Diane Prather/For Craig Press

This week, while I was shopping for a birthday present for my sister, Darlene (Blackford), I found an intriguing science book that just begs to be opened. Darlene is a frequent presenter at teacher workshops, so I bought the book, thinking it might be helpful in some way. However, before I sent the book on its way, I checked it out.

“The Complete Middle School Study Guide: Everything You Need to Ace Science in One Big Notebook” was “borrowed from the smartest kid in class and double-checked by Michael Geisen.” The book is published by Workman Publishing (2016).

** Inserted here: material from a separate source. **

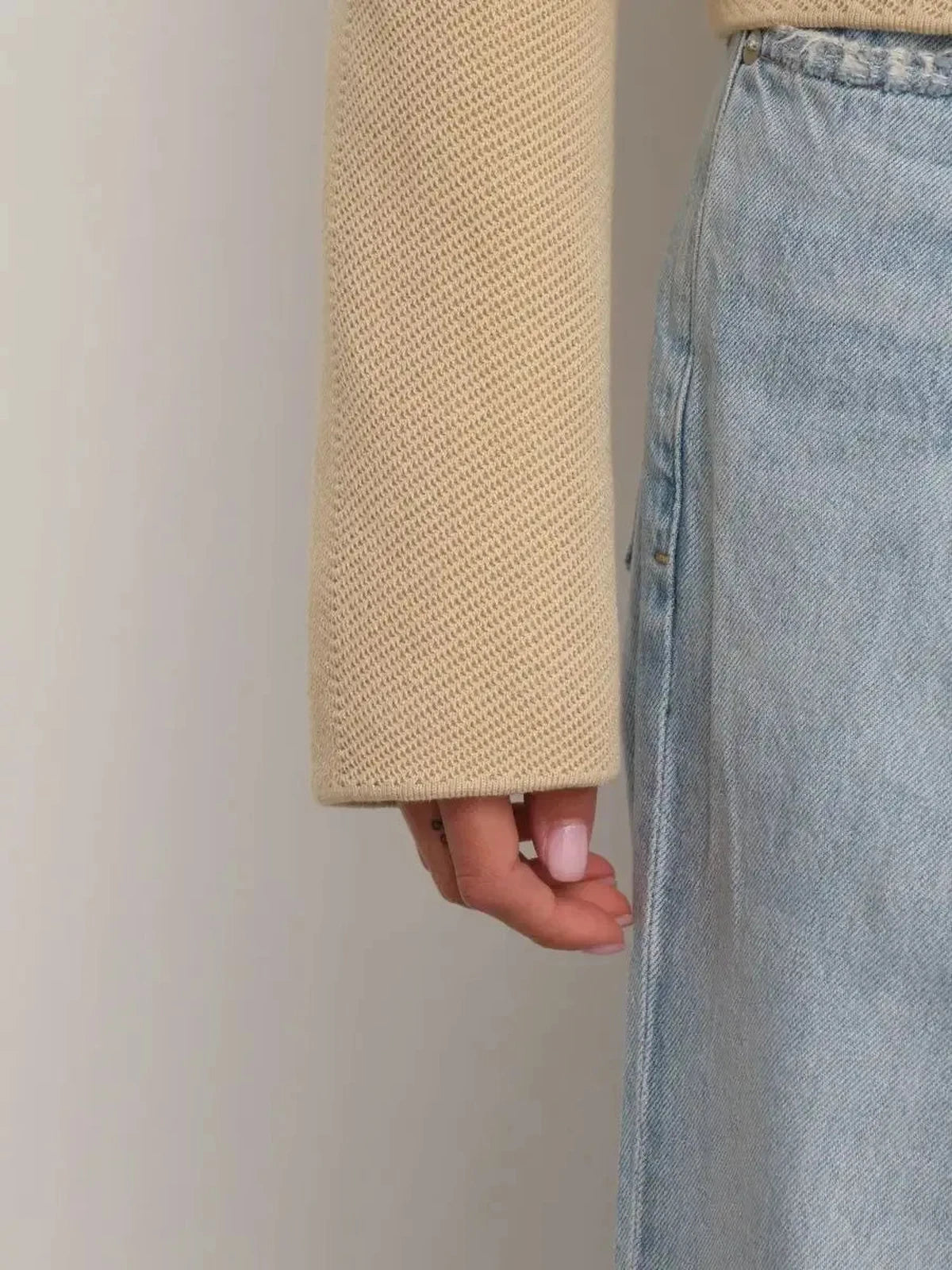 Alba Jacket sleeve detail showcasing light beige fabric and stylish design by Lauven.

The cover has been cleverly designed to make a reader just wants to open it up. I have tried to figure out why the cover has so much appeal. Perhaps it is that the book does look like a big fat notebook. Then, it is black with green trim, and the lettering is done in white and green. Whatever it is, the book just begs to be opened.

The final pages of the book are designed to show layers of Earth, with fossils embedded within them — trilobites in the bottom layer, shells and fern prints in rock for the second layer and skeletons of dinosaurs in the top layer.

Inside, the reader finds lined pages, as in a notebook, a pleasing font and lots of color to highlight vocabulary words; important people, places, and times; and concepts. As the book begins, the narrator, “the smartest kid in class,” explains that the notebook covers the “really important stuff,” the information that is usually on the test. However, since the notebook now belongs to the reader, he or she can add other notes.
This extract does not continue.